National Board Certified Health and Wellness Coach, Weight Loss, Gut, Hormone Health, Mind Body Expert at True Living
Answered 6 months ago
Artificial sweeteners are made of aspartame, sucralose, saccharin, neotame, advantame, stevia, monk fruit, and Ace-K. With regard to their safety, generally they are regarded as safe when consumed within the acceptable daily intake, which is different for each sweetener, but according to WHO, even when they fall within those limits, regular use in children's products is not recommended and is actually discouraged. These sweeteners are found in sodas, energy drinks, flavored yogurts, flavored milks, breakfast cereals, sugar-free candies, chewing gums, protein bars, and even pediatric medicines like cough syrups.
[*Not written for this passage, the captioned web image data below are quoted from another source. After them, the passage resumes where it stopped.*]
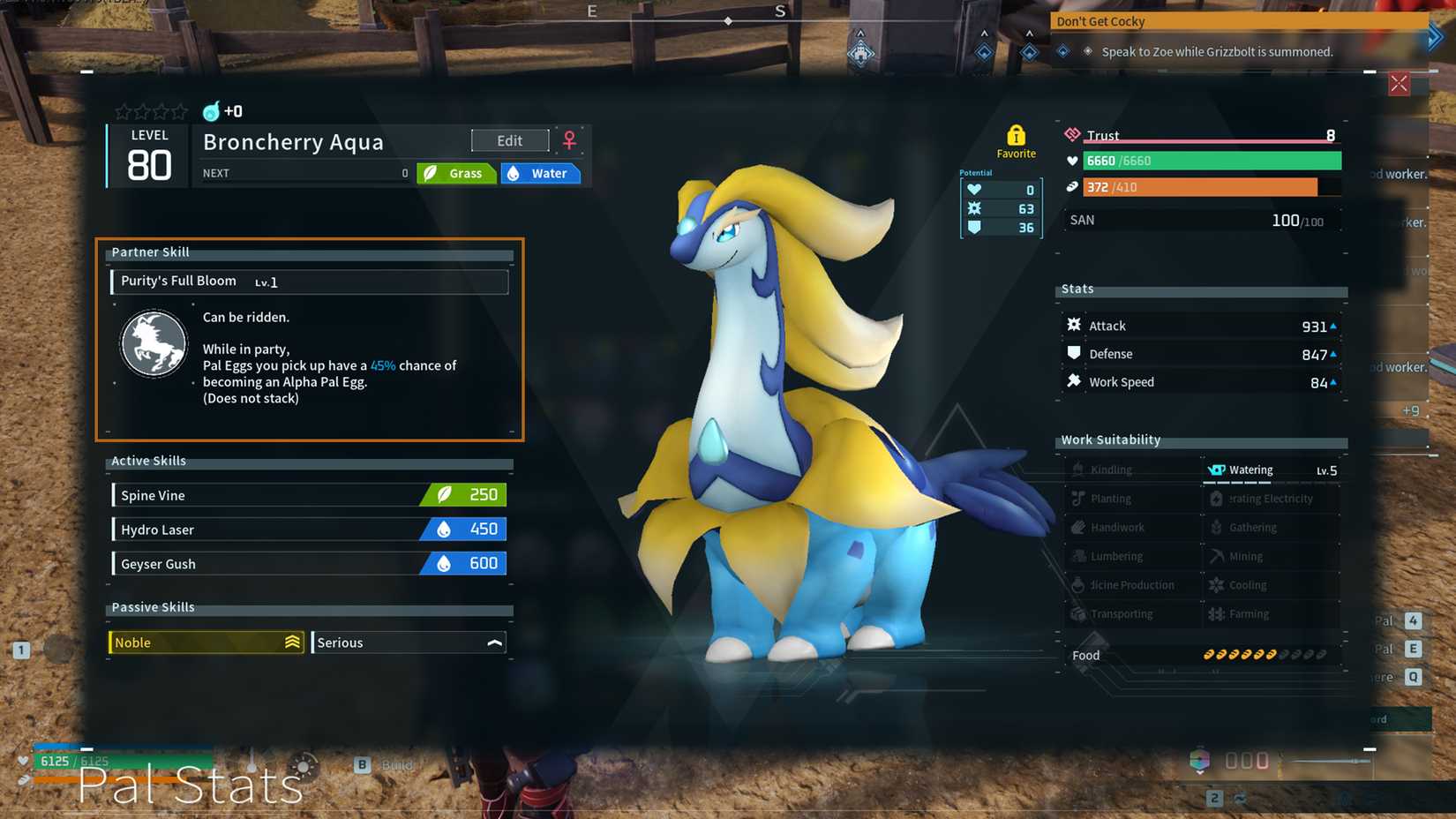 Broncherry Aqua passive in Palworld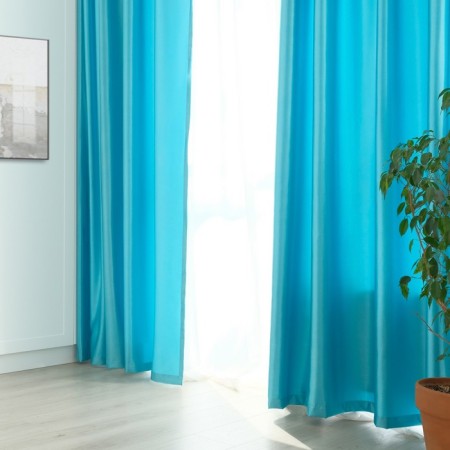 Curtain curtain "Ethel" width 135 cm, height 260 cm, turquoise color, glossy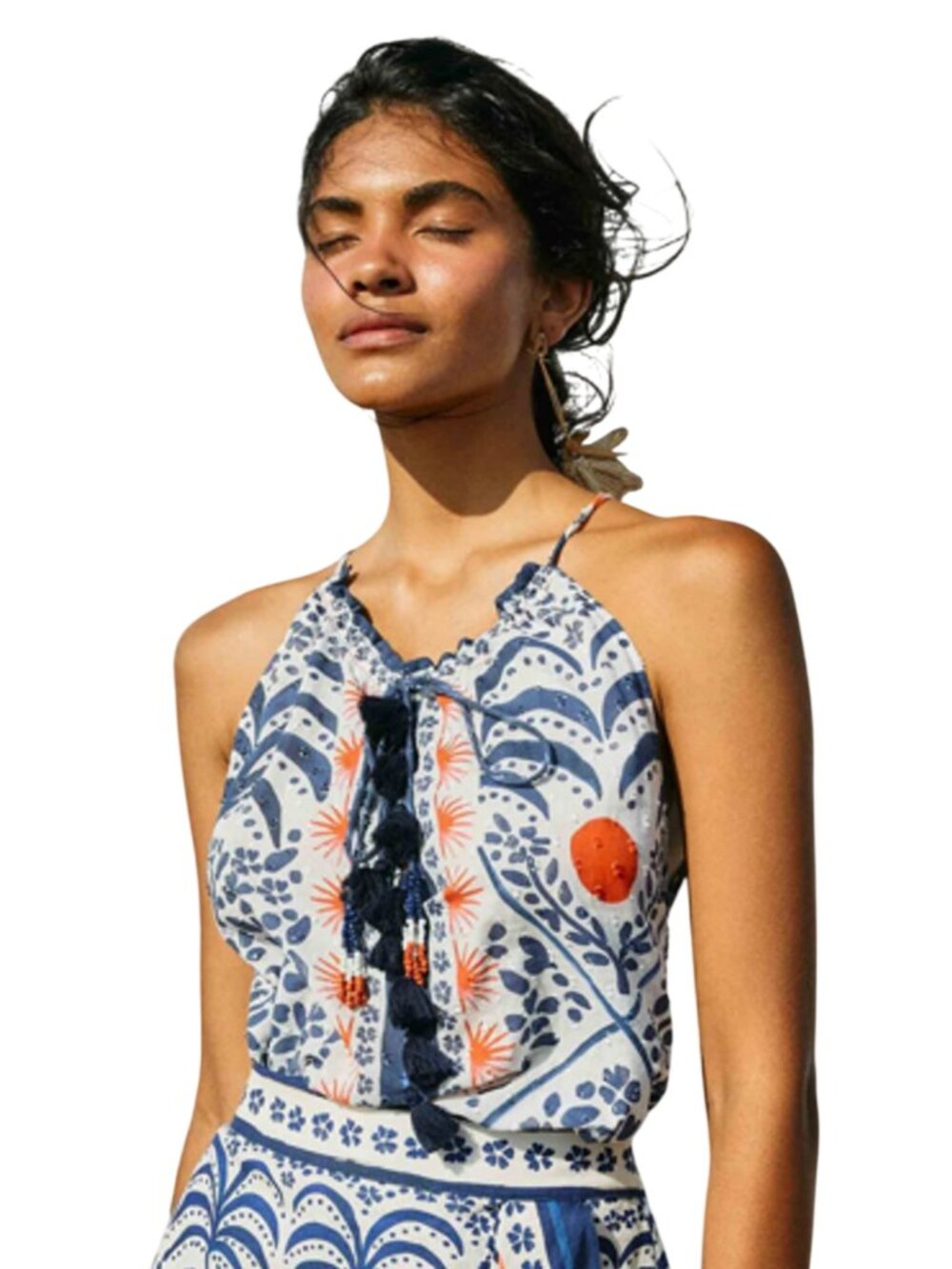 Farm Rio Afternoon Breeze Tank top size M medium Tassel print Blouse halter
In children, the most common effects are gastrointestinal issues like bloating, gas, and abdominal pain, and some studies also show changes in insulin and glucose response that can contribute to obesity. Healthier substitutes include using whole fruits like mango, banana, date, and peach for natural sweetness, offering plain milk and water instead of sweetened drinks, and using Greek yogurt or avocado for creamier options for desserts. While stevia, monk fruit, and sucralose are considered better options, we still don't have long-term studies about their safety, and WHO continues to advise against using non-sugar sweeteners in children's products.
As a dentist who often talks with parents about kids' diets, I understand the confusion around artificial sweeteners. Here's what current research and practical experience suggest — in plain language. Artificial sweeteners are chemical compounds that mimic sugar's taste without the calories. Common examples include aspartame, sucralose, and saccharin. You'll see them in diet sodas, "sugar-free" yogurts, cereals, candies, jams, and even toothpaste or children's medicines. According to the FDA and the American Academy of Pediatrics (AAP), artificial sweeteners are generally considered safe when eaten within approved limits. That said, more research is needed to fully understand their long-term effects on kids' growth and metabolism. The AAP recommends avoiding sweeteners in children under two and limiting older kids to roughly one small serving (about 6-8 ounces) of "sugar-free" foods or drinks a day. Each sweetener has an Acceptable Daily Intake (ADI), which is how much can be consumed safely per kilogram of body weight. Kids rarely exceed these limits, but heavy daily use could shift taste preferences toward sweeter foods. Moderation is key. Overconsumption can lead to tummy discomfort, gas, or diarrhea. Some studies link high sweetener intake with changes in gut bacteria, though evidence is still emerging. In practice, I've noticed children who have a lot of artificially sweetened foods often crave more sweetness overall. For little ones who love sweet flavors, replace artificial additives with whole foods — berries, apple slices, or yogurt blended with fruit. A small drizzle of honey or maple syrup can be fine for kids over one, but keep it occasional. Kids understand better when the message ties to their own goals — "this helps your teeth stay strong" or "you'll have more energy for soccer." At my clinic, small rewards and involving children in choosing healthier snacks work better than scolding. Natural low-calorie sweeteners like stevia and monk fruit are often seen as better options, and they're generally safe in small amounts. Sucralose (Splenda) is also widely used and not absorbed much by the body. Still, the healthiest approach is to reduce overall sweetness over time so kids learn to enjoy less-sweet foods naturally. Artificial sweeteners aren't inherently dangerous, but they shouldn't replace real, nutrient-rich foods. As both a dentist and a parent advocate, the advice is simple—treat them as occasional tools, not daily habits.